# Door County Wi Condo Resort Hotels



## kcgriffin (Feb 5, 2007)

I own a one bedroom condo at the Landmark Resort 

www.thelandmarkresort.com 

like many of the other resorts in the area, each unit is individually owned.  I can either use it myself as a full or part time residence, rent it myself, let the resort rent it, or trade thru RCI and Interval, or any combination of the before mentioned.  

The price for the entire condo can be very affordable, starting at less than $50,000.00 for a 1BR queen wood view.

This has allowed my wife and I to really maximize our travels, as well as giving us the ability to give gifts of travel to family and friends.

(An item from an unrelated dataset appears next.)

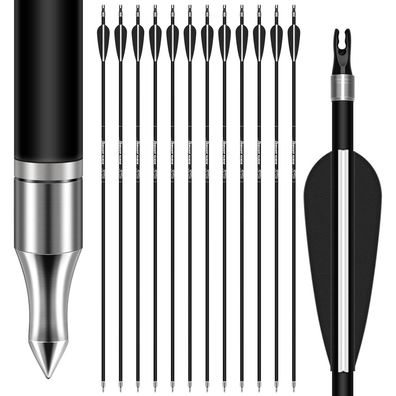 Sunya Carbonpfeile für Bogenschießen, 30 Zoll, Spine 400/500, 12er Pack, Schwarz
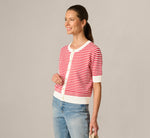 Short Sleeve Metallic Button Cardigan Sweater In Ivory Red 2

Depending on the season, it can be a good trader also!

Just another way of getting into the game with a little less cash.


----------



## caribbeansun (Feb 6, 2007)

That $50k for a 1BR - not a typo that should have been $500k?

What kind of strata are you paying and what does it cover?


----------



## kcgriffin (Feb 20, 2007)

Not a typo $50K we are  paying 53% management fee to the rental association, plus quarterly maintenance.  Recently updated all of the interior furnishings in our owned unit as well as all the public spaces in the entire resort.

Happy to answer any questions, but I'd be wary of these new condo hotels...lots of promises, but little return.


----------